Everyone wanted to weigh in their opinions and their comments incorporated. An infinite loop began of receiving feedback, making changes, receiving more feedback, making more changes, etc.  Then people wanted to know “Where is MY button” and saying things like “We need to be in THAT PART” of the page”.
Overall, faculty felt like their needs were not represented. The IT department was having their own debates on what sort of CMS they should get. Users were starting to say “WE have to generate content?!”

Lots of debates – process felt chaotic, stalled.

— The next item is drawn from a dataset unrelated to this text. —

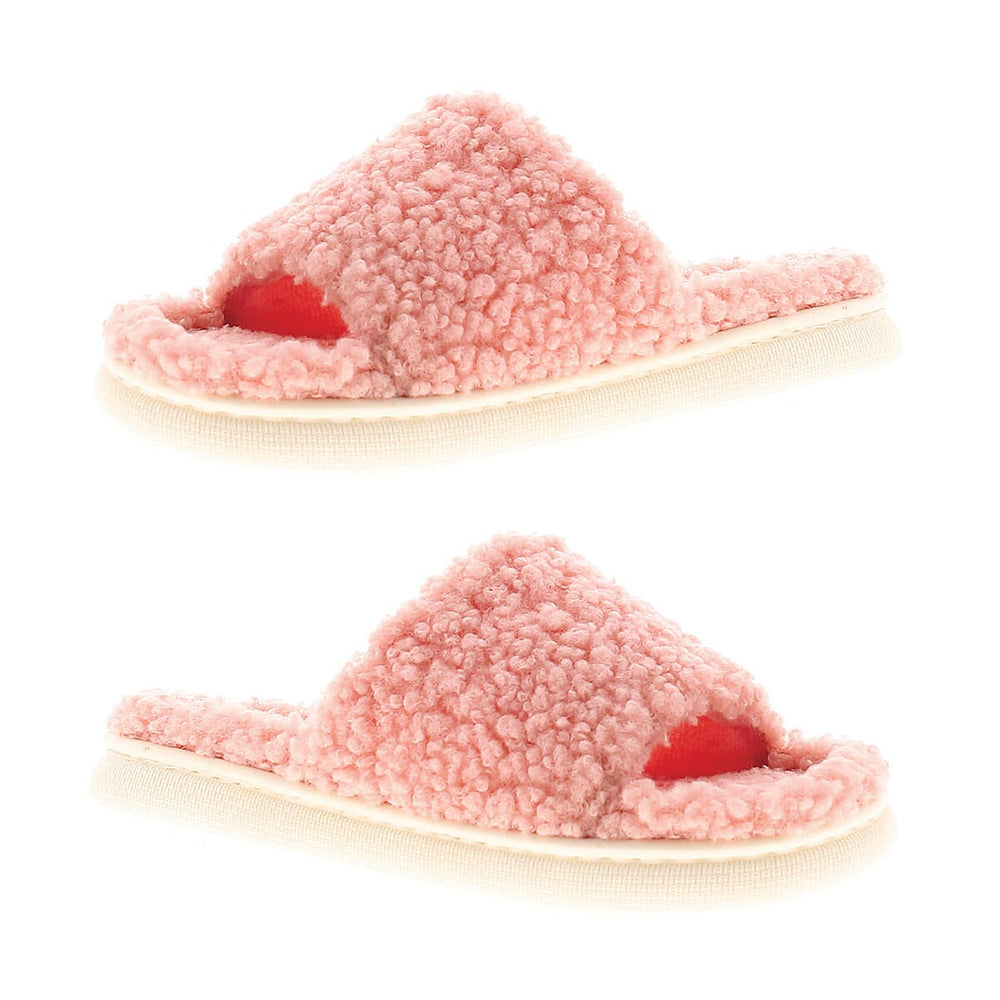 DR KELLER Ladies Faux Fur Slipper (Size - 7-8) - Pink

Committees With a Purpose!

AU conducted several Open Houses to let people know they needed to be responsible for their content. They developed a content strategy to help those people along. AU created a committee just to look at content and ideas on how to get campus to write their own content. Had a committee as a pure technical team working on the choice of the CMS. Committee looking at Apps (Wikipedia-type feedback program, and Event Calendar.)

New Realizations

  • Content is king! Not all writers know how to write for the web – Faculty person conducted workshops on web writing, cabinet members, and campus web editors.
  • CMS too knew for developers
  • Distributed publishing sounds great, need to design support for it.
  • Multiple vendors – managing coordination is painful.
  • Creating content is not a one-time activity (neither was the training)

  • Multiple leadership changes, multiple opinion, rethinking decisions. Every time they had a change in President, Provost or VP Marketing, resulted in more opinions.

To the Finish Line!

The team lost a lot of time in the debates and the budget was running out. They conducted many rounds of testing and QA testing revealed data issues (profile data, office information). Multiple rounds of performance testing. Marketing folks wanted a Launch Party to announce to campus and media.

  • Agile methodology – code objects, write content, package it in the end.
  • Involved faculty to develop and roll out training
  • Full integration testing – multiple rounds
  • QA testing revealed lots of data issues (profile data, office information)
  • 
Multiple rounds of performance testing
  • Roll out plan, contingency plan, backup contingency plan. (marketing wanted “Launch party” with tshirts, media and the team had to ensure everything was ready)

Launch and post launch
Everything worked as designed, but not as needed. Pages and applications were re-evaluated and:

  • Homepage was redesigned in the first 90 days
  • AUPedia was redesigned
  • Issues with analytics

… And we keep building

  • Enhanced media integration
  • Social Media integration
  • Facebook fans doubled in the last year
  • Mobile presence

Other Notes:

Usuablity testing had conflicting results, primary audience vs. all audience groups. You should think of your primary audience.